In releasing this draft guidance, the FDA has taken another step toward providing sponsors and applicants with a comprehensive overview of its vision for the implementation of the biosimilar approval pathway.  It is apparent from earlier guidance issued by the agency that these meetings will be critical to the review and approval process for biosimilars—more so than is typical in the review process for small molecule drugs.  As such, potential sponsors and applicants should participate in these meetings in a stepwise manner, and should use such meetings as avenues for substantive discussions and to define the pathway to securing approval.  Potential sponsors and applicants now have written guidance regarding the information the agency indicates it needs to provide meaningful feedback on a biosimilar development program.

However, it remains clear that the agency continues to have serious concerns about the viability of the biosimilar pathway.  Consistent with its position in last year’s draft guidance, the agency suggests in this latest guidance that, for at least some reference biologicals, it may not be possible for an applicant to establish biosimilarity or interchangeability. 
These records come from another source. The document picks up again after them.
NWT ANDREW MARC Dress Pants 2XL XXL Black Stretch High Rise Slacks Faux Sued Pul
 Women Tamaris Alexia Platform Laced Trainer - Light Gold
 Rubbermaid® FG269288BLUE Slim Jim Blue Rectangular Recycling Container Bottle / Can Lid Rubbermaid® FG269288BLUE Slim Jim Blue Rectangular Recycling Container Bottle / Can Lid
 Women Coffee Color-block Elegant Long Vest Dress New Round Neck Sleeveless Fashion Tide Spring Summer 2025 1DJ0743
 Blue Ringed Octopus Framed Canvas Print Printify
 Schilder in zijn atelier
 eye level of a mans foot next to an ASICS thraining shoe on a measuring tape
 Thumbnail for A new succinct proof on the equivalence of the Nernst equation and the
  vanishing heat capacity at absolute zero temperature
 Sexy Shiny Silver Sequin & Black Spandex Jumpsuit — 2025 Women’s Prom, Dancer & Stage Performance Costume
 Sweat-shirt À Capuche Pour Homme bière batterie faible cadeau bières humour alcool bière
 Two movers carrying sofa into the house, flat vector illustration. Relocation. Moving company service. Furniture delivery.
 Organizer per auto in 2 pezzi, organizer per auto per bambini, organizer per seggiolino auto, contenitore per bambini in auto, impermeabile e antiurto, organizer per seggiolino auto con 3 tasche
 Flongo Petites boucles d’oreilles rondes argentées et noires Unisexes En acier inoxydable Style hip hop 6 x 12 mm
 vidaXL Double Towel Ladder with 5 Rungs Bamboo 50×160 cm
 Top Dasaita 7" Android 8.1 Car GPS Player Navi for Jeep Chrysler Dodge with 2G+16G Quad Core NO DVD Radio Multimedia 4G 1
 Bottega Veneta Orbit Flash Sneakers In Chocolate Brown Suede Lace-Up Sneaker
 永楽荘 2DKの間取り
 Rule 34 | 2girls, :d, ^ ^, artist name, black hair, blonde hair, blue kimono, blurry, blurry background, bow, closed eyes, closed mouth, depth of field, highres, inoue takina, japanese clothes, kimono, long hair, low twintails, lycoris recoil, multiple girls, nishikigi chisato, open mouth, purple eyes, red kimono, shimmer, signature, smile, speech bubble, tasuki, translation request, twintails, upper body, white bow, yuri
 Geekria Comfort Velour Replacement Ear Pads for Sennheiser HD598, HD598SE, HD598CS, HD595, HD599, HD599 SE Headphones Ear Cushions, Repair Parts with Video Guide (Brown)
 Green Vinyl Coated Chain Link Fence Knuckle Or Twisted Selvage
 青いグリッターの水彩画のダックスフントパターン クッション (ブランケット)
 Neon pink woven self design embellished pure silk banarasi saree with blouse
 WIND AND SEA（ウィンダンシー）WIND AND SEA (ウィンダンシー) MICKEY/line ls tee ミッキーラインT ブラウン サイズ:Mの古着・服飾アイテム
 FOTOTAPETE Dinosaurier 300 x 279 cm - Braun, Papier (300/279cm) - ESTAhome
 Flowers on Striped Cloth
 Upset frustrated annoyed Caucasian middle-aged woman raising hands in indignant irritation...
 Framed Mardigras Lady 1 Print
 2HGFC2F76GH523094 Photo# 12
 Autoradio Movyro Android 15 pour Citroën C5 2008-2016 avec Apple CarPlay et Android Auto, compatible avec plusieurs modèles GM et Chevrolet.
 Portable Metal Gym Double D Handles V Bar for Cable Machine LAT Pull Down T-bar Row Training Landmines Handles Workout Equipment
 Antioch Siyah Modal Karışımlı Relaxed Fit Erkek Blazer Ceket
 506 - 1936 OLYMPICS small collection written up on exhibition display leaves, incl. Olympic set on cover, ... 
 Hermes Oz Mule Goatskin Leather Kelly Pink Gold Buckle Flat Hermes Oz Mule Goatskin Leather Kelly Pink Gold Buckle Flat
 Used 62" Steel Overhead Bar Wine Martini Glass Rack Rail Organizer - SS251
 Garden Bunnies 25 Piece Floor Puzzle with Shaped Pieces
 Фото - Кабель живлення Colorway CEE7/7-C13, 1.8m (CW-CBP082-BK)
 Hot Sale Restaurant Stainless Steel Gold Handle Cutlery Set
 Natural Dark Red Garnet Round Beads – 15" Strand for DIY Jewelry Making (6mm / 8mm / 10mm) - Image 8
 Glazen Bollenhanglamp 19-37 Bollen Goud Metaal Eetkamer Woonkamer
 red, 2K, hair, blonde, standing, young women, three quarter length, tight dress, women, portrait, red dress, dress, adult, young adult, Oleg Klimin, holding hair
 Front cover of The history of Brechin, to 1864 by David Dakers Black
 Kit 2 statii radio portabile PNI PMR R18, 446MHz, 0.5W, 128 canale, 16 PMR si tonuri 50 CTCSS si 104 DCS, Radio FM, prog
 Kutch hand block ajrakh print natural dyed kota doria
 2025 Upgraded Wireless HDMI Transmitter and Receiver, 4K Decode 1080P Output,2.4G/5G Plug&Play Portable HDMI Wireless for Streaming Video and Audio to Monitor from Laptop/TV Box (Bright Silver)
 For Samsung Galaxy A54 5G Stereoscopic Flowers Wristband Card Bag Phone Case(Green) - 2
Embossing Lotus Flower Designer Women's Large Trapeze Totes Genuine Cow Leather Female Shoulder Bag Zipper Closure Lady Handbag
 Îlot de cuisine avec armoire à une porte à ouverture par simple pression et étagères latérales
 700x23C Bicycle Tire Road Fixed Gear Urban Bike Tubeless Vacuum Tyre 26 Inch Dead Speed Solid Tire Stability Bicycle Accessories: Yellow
Finally, although this is the fourth draft guidance that the agency has released with respect to the biosimilar approval pathway, a number of important issues remain unaddressed, including whether biosimilar products will have the same non-proprietary name as reference biologics.  Meetings between the agency and applicants will form an essential part of an iterative process which will help define the pathway.  Reference manufacturers and biosimilar sponsors and applicants alike should also continue to monitor communications from the FDA for further guidance on this and other issues.